### PROVIDED DATA

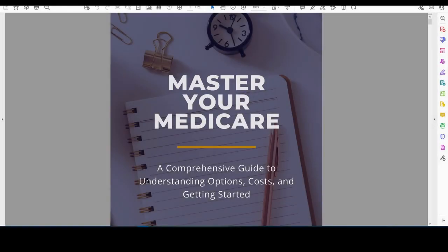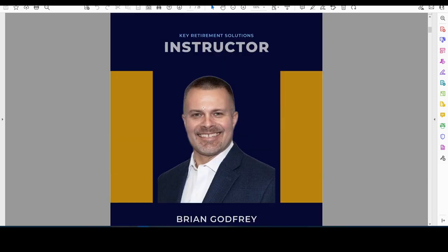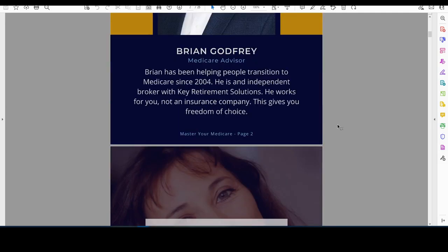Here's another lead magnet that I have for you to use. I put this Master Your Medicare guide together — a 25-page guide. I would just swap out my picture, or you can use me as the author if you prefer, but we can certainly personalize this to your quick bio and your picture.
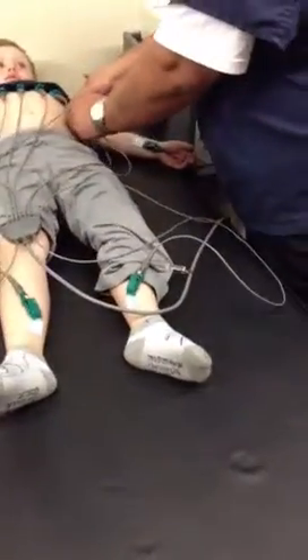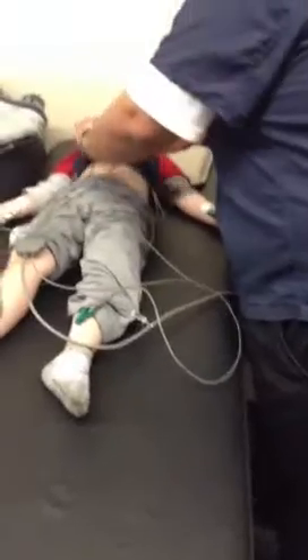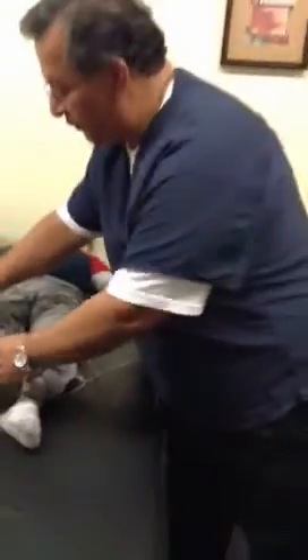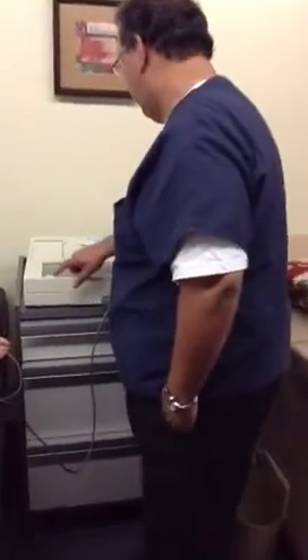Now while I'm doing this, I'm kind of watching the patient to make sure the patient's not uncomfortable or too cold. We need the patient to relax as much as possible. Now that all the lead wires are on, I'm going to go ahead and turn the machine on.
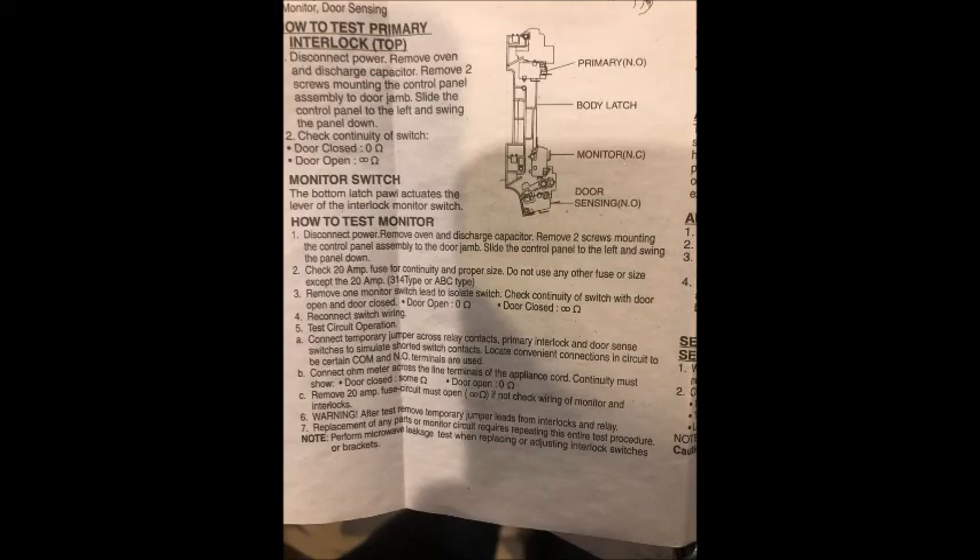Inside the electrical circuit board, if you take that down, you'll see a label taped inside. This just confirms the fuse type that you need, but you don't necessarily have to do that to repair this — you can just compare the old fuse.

---

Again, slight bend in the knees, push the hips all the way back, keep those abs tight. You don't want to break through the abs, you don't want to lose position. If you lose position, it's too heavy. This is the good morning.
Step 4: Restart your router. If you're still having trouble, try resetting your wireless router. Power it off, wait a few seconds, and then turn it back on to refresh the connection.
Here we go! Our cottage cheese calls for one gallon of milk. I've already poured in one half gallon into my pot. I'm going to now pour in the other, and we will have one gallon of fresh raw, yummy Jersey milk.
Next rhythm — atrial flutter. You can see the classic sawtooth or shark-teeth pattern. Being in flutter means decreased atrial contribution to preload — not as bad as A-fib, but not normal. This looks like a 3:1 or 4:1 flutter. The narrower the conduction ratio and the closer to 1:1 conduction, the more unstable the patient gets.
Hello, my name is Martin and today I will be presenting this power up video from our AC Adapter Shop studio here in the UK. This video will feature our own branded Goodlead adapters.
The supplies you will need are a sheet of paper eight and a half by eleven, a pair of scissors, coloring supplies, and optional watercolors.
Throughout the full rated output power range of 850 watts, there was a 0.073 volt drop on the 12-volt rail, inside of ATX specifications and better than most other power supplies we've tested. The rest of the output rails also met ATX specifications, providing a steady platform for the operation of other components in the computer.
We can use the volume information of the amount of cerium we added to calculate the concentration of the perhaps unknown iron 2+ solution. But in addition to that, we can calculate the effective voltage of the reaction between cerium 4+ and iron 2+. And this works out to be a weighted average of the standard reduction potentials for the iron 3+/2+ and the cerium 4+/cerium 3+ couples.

...

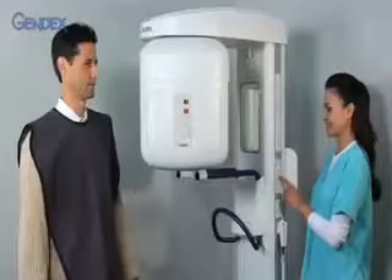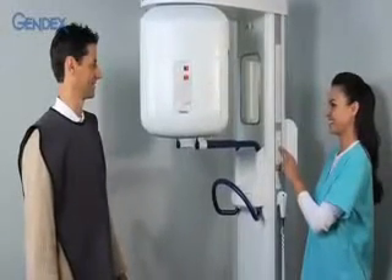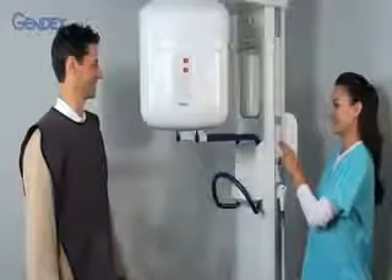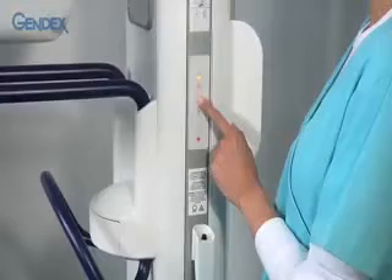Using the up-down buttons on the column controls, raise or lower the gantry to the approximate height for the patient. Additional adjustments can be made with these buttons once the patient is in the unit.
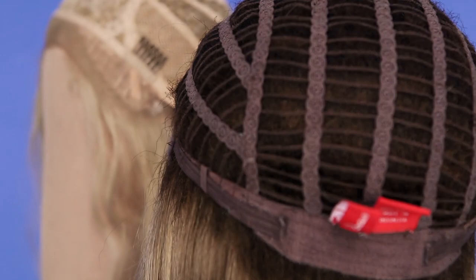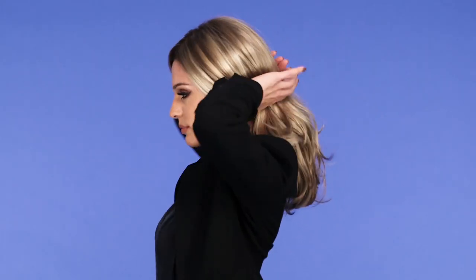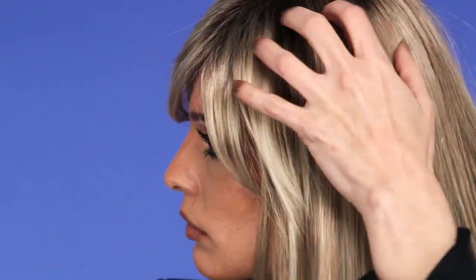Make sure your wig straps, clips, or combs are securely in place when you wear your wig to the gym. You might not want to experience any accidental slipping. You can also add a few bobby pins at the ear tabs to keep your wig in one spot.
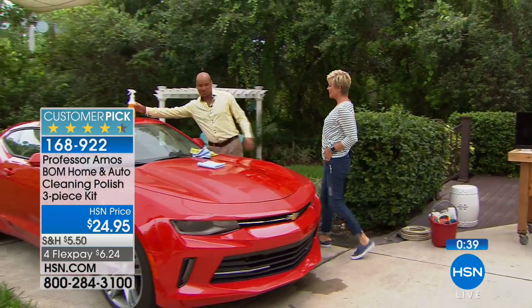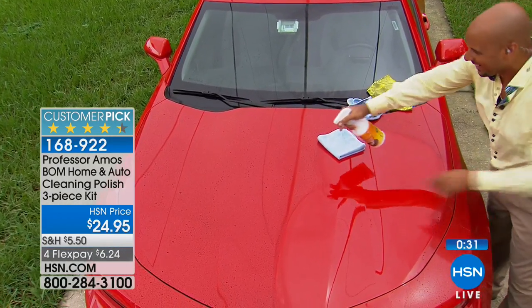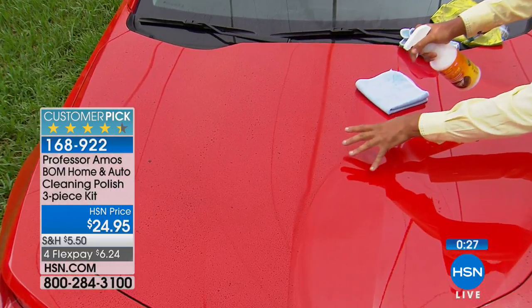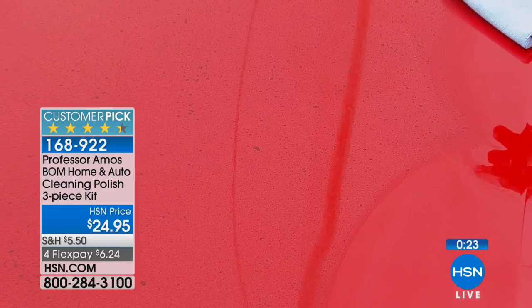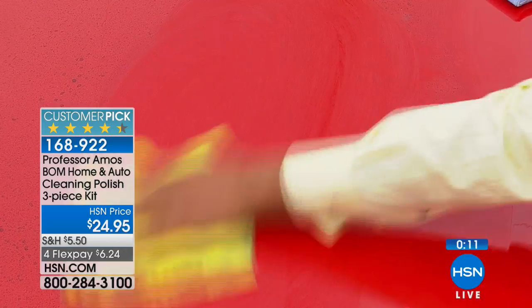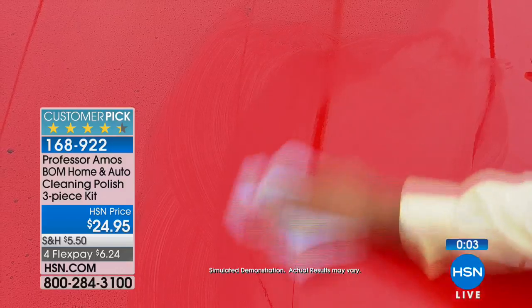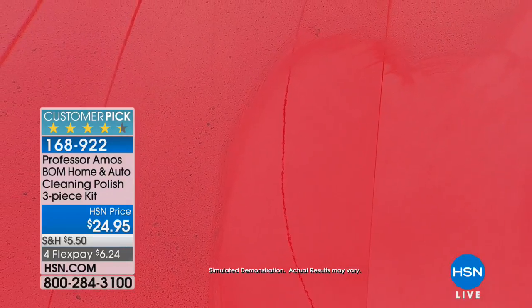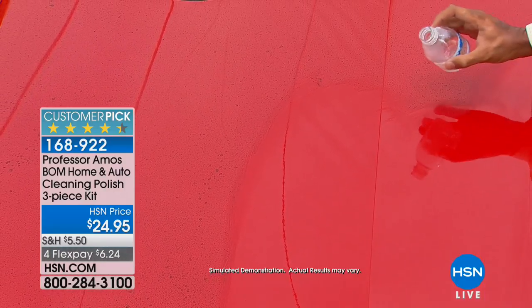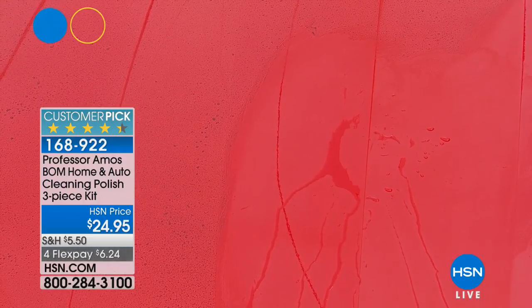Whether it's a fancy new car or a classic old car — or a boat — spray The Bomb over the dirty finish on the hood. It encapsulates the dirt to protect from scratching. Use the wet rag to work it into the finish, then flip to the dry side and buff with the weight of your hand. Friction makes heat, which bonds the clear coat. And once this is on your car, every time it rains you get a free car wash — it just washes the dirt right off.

### TASK INSTRUCTIONS
Reproduce, exactly as they stand in the data above, the lines from the one that holds "Next rhythm —" to the one that holds "Throughout the full", inclusive.

### WRITTEN RESPONSE
Next rhythm — atrial flutter. You can see the classic sawtooth or shark-teeth pattern. Being in flutter means decreased atrial contribution to preload — not as bad as A-fib, but not normal. This looks like a 3:1 or 4:1 flutter. The narrower the conduction ratio and the closer to 1:1 conduction, the more unstable the patient gets.
Hello, my name is Martin and today I will be presenting this power up video from our AC Adapter Shop studio here in the UK. This video will feature our own branded Goodlead adapters.
The supplies you will need are a sheet of paper eight and a half by eleven, a pair of scissors, coloring supplies, and optional watercolors.
Throughout the full rated output power range of 850 watts, there was a 0.073 volt drop on the 12-volt rail, inside of ATX specifications and better than most other power supplies we've tested. The rest of the output rails also met ATX specifications, providing a steady platform for the operation of other components in the computer.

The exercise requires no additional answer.